Williams advances 13 pipelines and behind-the-meter power
Williams is developing 13 pipeline projects totaling 12 Bcf/d and expanding behind-the-meter power, with Socrates in Ohio due this year and SESE (1.5 Bcf/d) set for H2 2027.
Williams is developing 13 pipeline projects that will add about 12 billion cubic feet per day (Bcf/d) of capacity and is building a behind-the-meter power business. The Socrates power plant in Ohio is scheduled to start service later this year. The Southeast Supply Enhancement project (SESE), which would add roughly 1.5 Bcf/d, is targeting the second half of 2027.

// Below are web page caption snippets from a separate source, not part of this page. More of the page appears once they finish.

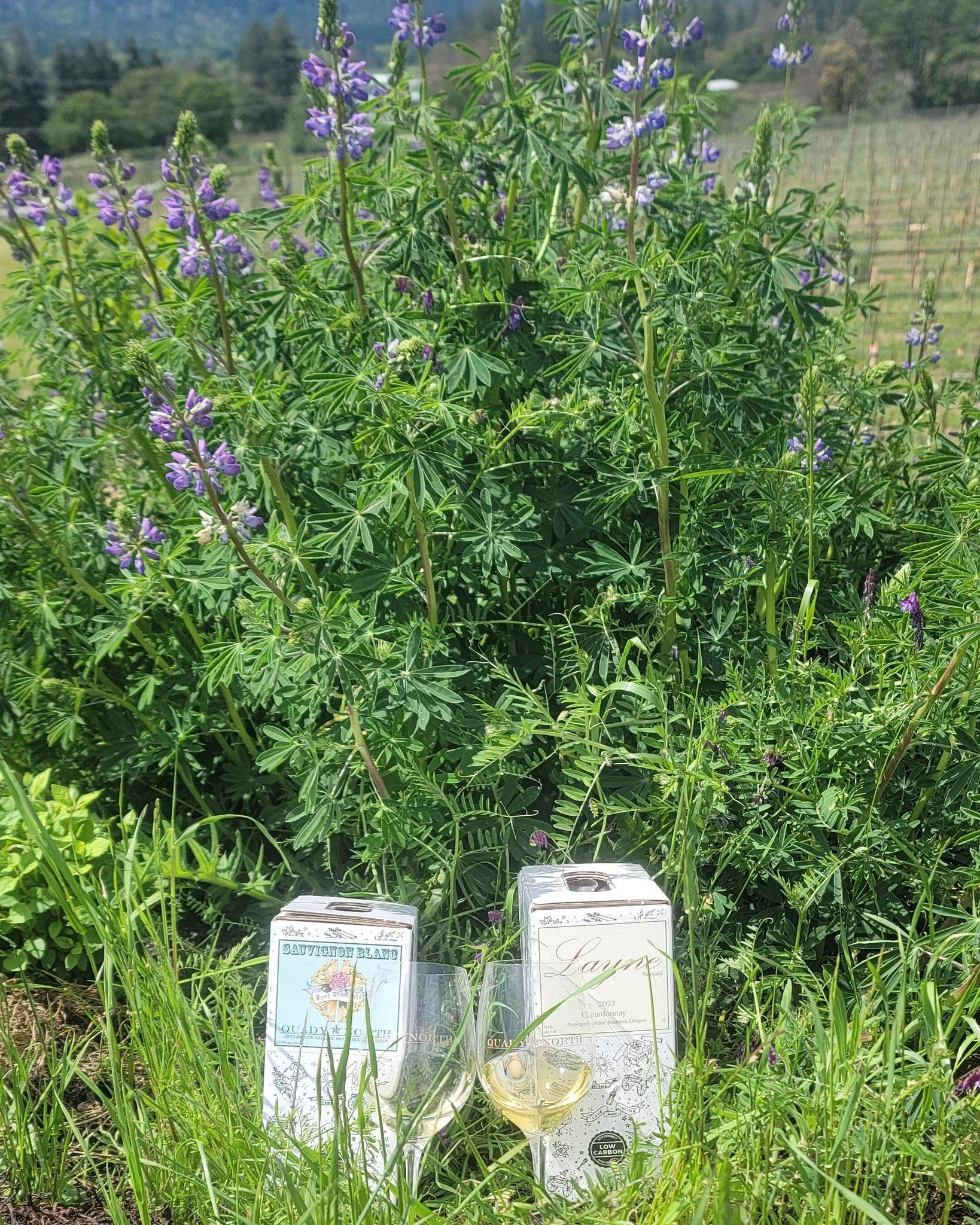 FLASH SALE! Tasting room only (or call the tasting room to place an order).

Yesterday's Happy Hour sale was so popular, we're extending it 3 more days. Saturday 4/25 - Monday 4/27, take an extra 10% off on 3L boxes of Sauvognon Blanc and 3L boxes of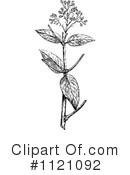 Botany Clipart #1121092 by Prawny Vintage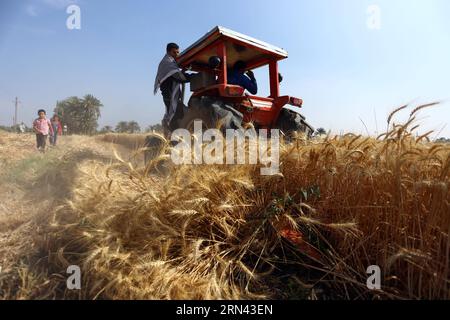 (150504) -- FAYOUM, 4 mai 2015 -- des agriculteurs égyptiens travaillent dans un champ de blé dans le village de Deska, Fayoum, à environ 130 kilomètres au sud-ouest du Caire, en Égypte, le 4 mai 2015. La récolte de blé égyptienne atteindra 10 millions de tonnes cette saison et le gouvernement égyptien a élaboré un plan pour la production de blé afin de satisfaire plus de 80% de ses besoins intérieurs d'ici 2030. L Égypte est le plus grand importateur mondial de blé, qui achète habituellement environ 10 millions de tonnes de blé par an sur les marchés internationaux et utilise un mélange de blé national et importé pour son programme subventionné de pain. ÉGYPTE-FAYOUM-BLÉ-H. Banque D'Images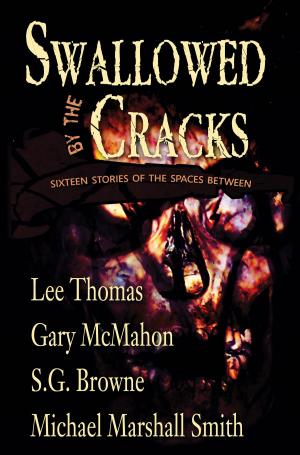 Cover of the book Swallowed By The Cracks by Emily Brontë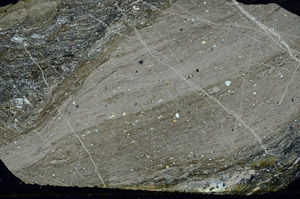 Cross Polarized, S88452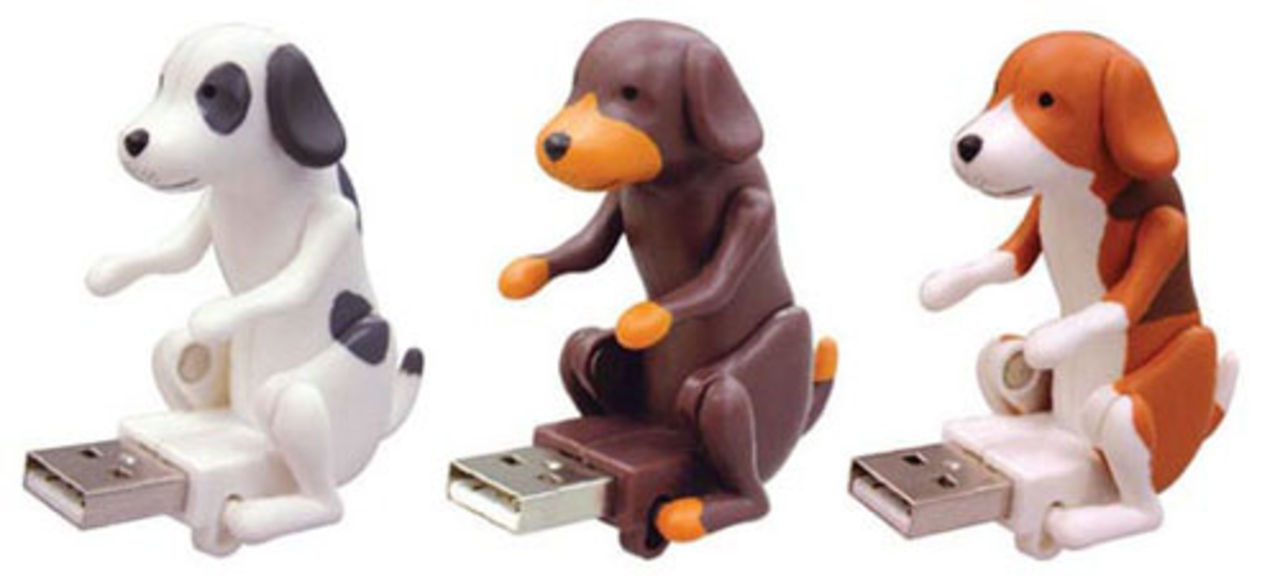 Juckande hund som USB-tillbehör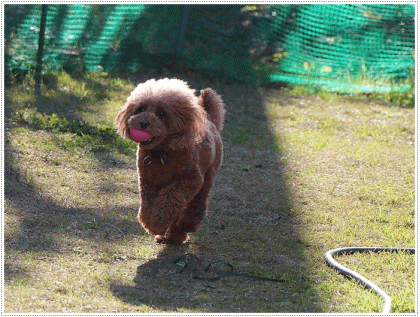b0175688_00214528.gif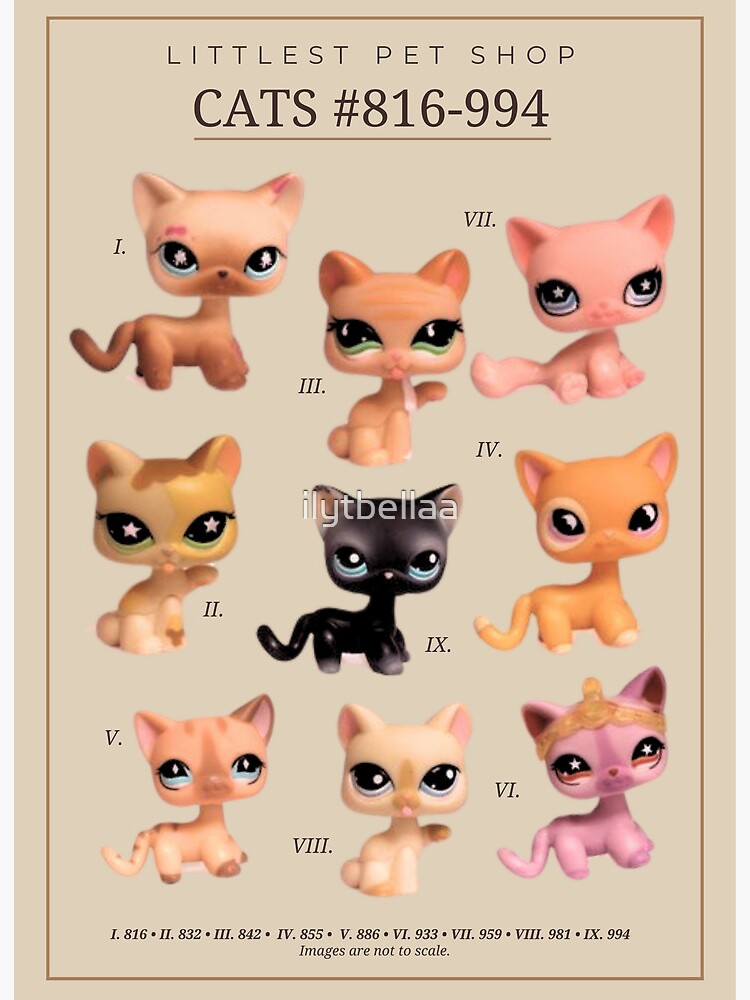 Lps Cat Drawings LPS Kitten Paint Kit With 10x10 Canvas Template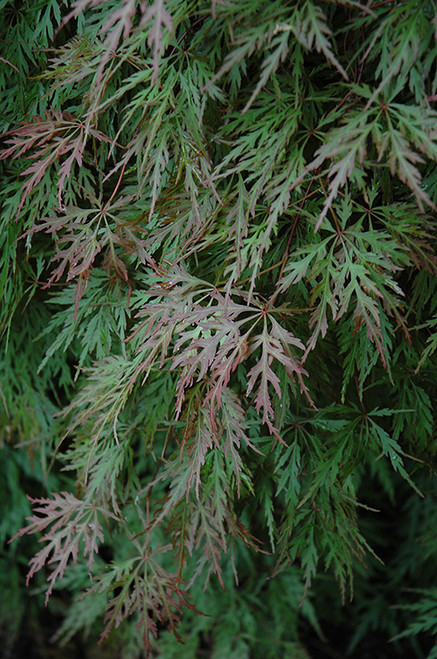 Acer palmatum dissectum Orangeola 168535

The company’s pipeline work covers the Transco system and other parts of its network. Transco runs from Texas to New York City and historically has carried about 15% of U.S. natural gas. Williams now cites opportunities across 11 supply basins and has a project backlog amounting to about 14 Bcf/d of potential capacity tied to roughly $16 billion of potential capital investment. SESE is designed to move gas from EQT’s Mountain Valley Pipeline into the Southeast and is expected to be a near-term contributor to EBITDA.
Construction has started on the Northeast Supply Enhancement project (NESE), which is planned to bring more gas into New York City and Long Island and has an expected in-service date in the fourth quarter of 2027. Company executives have met with state officials and utilities about a proposed Constitution pipeline to increase supply into New York and New England. U.S. benchmark gas prices spiked close to $200 per MMBtu during winter storm Fern, while prices in the Marcellus and Utica regions traded below $5 per MMBtu, illustrating large regional price differences.
Williams is also pursuing behind-the-meter power aimed at data centers and other large energy users. The Socrates project, announced earlier this year, is planned to come online in Ohio before year-end. The company estimates its construction experience, turbine operations and gas-marketing and logistics capabilities let it bring self-sited power facilities online faster than waiting for grid interconnection, which can take five to eight years in some areas. Williams can operate the plant, build connecting pipeline infrastructure and manage fuel supply and storage.
On capital allocation, Williams plans higher growth spending while maintaining an investment-grade balance sheet. The company targets a net-debt-to-EBITDA ratio of 3.5–4.0x and expects to be toward the higher end of that range this year. Dividend increases will track growth in available funds from operations per share; the dividend was raised by 5% earlier in the year. Management retains a share buyback authorization but faces competing uses for capital given the size of the organic opportunity set and potential merger-and-acquisition priorities.
Williams cites growing global demand for U.S. natural gas, including increased interest in liquefied natural gas exports following geopolitical tensions such as the Iran conflict. The company lists gathering, processing and long-haul pipeline assets as positioned to serve utility and export customers.